■ Activity:
Transcribe all the data below exactly, leaving its pictures out.

■ Data block:

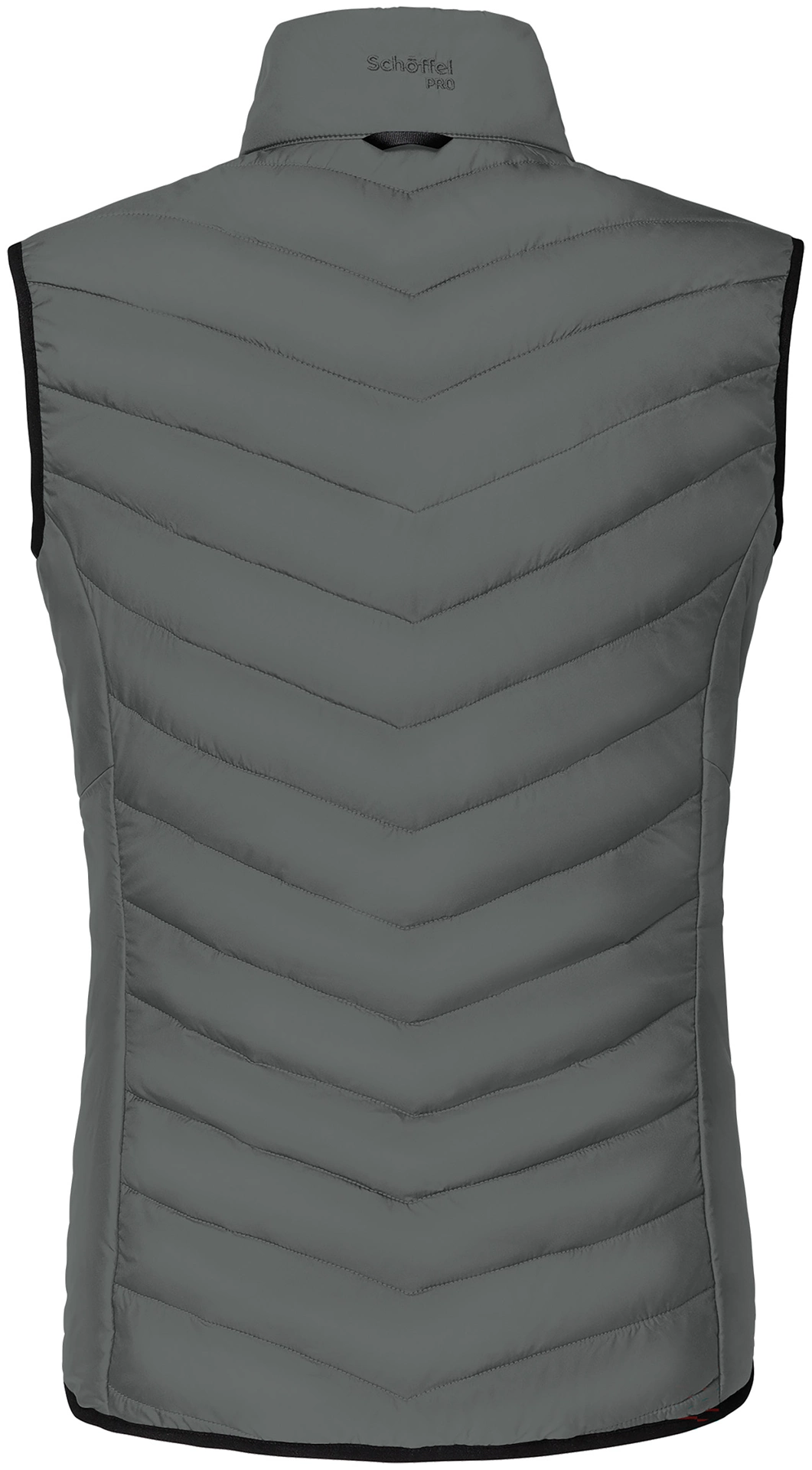 Schöffel PRO 8013 Damen WINTERSPECK ZipIn wattierte Weste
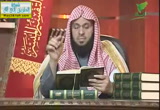 جزء تبارك -سورة الحاقة 1( 24/7/2013) التفسير الميسر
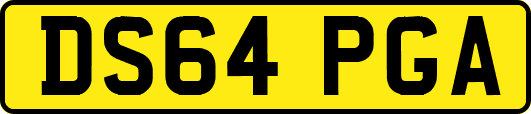 DS64PGA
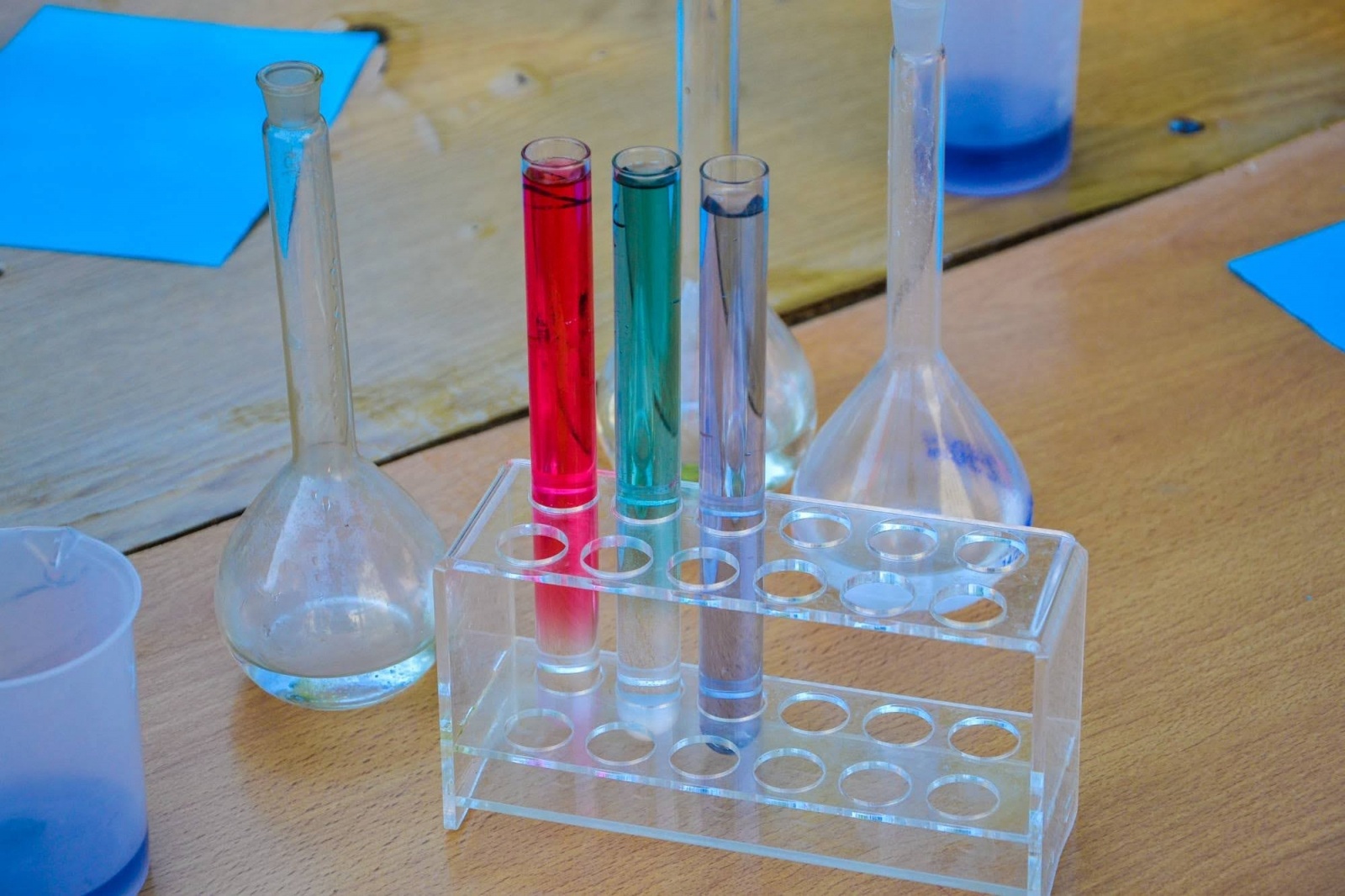 Zdjęcie w galerii na portalu naszraciborz.pl: Lodowe eksperymenty w dawnej siedzibie Piastów [FOTO] wiadomości z regionu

■ Output of the task:
 Schöffel PRO 8013 Damen WINTERSPECK ZipIn wattierte Weste
 جزء تبارك -سورة الحاقة 1( 24/7/2013) التفسير الميسر
 DS64PGA
 Zdjęcie w galerii na portalu naszraciborz.pl: Lodowe eksperymenty w dawnej siedzibie Piastów [FOTO] wiadomości z regionu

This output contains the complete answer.